I did a good bit of fishing at the CEI break wall in Eastlake last summer and every once in a while people would start catching them out of the blue. The were catching them on white bass rigs. The ones with the agitator and a fly. They would seem to bite just as it got dark and the bite would stop as fast as it started.


----------



## TURKEY09

I have caught several at Dale Hollow on super flukes.


----------



## sbreech

I want to catch a gar too. Last year fishing for smallmouth in the Darby, the creek opened up to a big pool, and there were literally HUNDREDS of gar just hovering about 6 inches under the water. They wouldn't bite anything I threw.


----------



## Ry440

I saw a gar swimming in front of the pier in avon lake today while fishing white bass


----------



## H2O Mellon

They are all over the Ohio and Scoito Rivers. Here's one that I cought a couple years ago in downtown Cincinnati,it's the largest one I've caught. I think it was around 49 inches long, or something similar I honestly can't remember without researching it.


----------



## Flippin 416

They are in Portage Lakes also....and some big ones at that!!! We saw a ton of them last night while we were bass fishing.


----------



## ls1

Flippin 416 said:


> They are in Portage Lakes also....and some big ones at that!!! We saw a ton of them last night while we were bass fishing.

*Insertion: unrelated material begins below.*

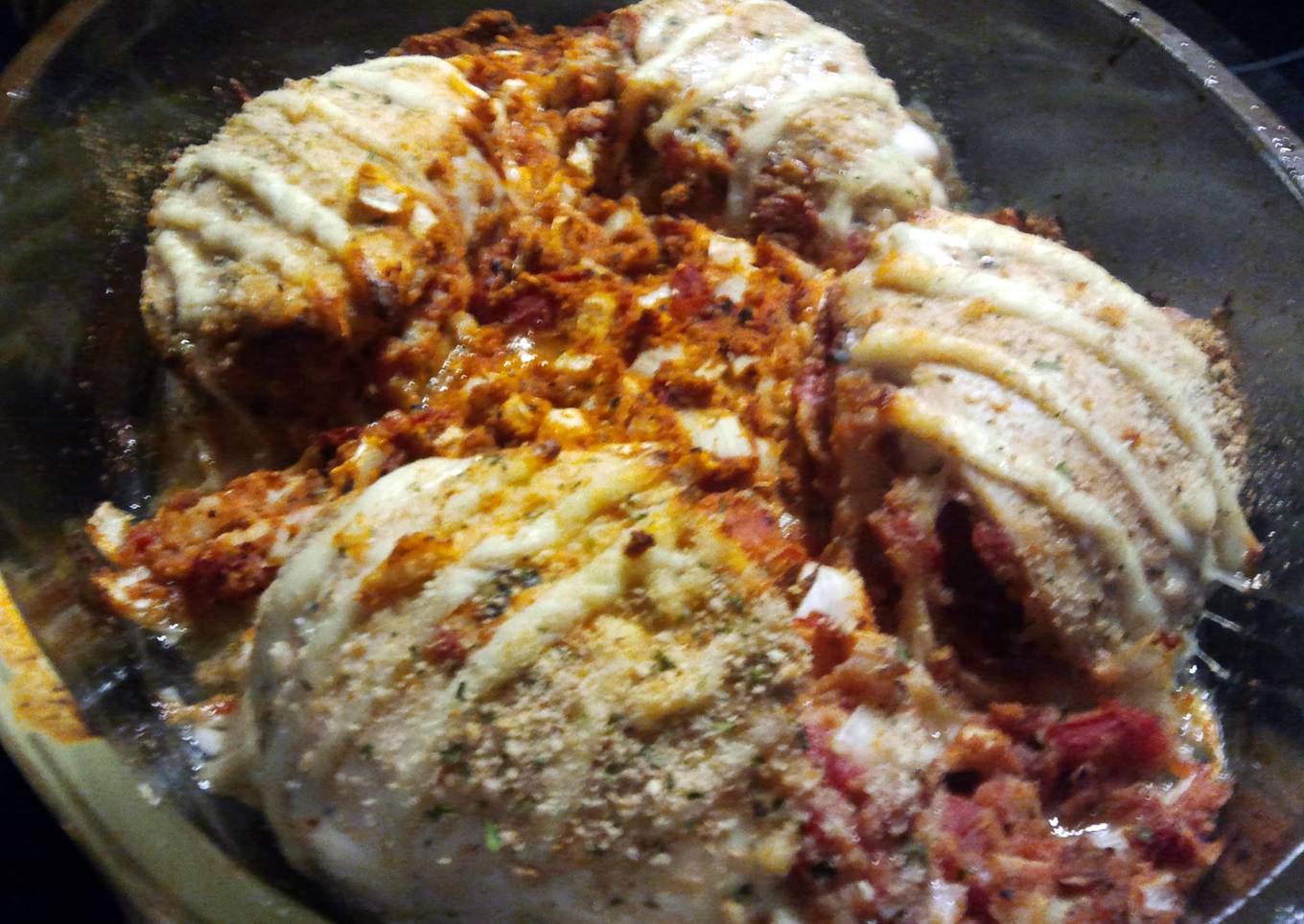 Sarahs italian fire roasted stuffed chicken!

I was prefishing for a tourney out there and hooked into a couple of them. If you want a musky check out west branch. Seems like everytime I go out there we catch or see a couple nice ones. They're all over jay lake in west branch.


----------



## TBONE123456789

Definately in portage lakes, I have caught them up tight to an island , bobber set at 2 ft. with cut shad, use a steal leader or they will bite through the line, also be ready for the fight of your life!!!


----------



## wonka

I caught a needlenose gar in the lagoon at snyder park in spfld ohio


----------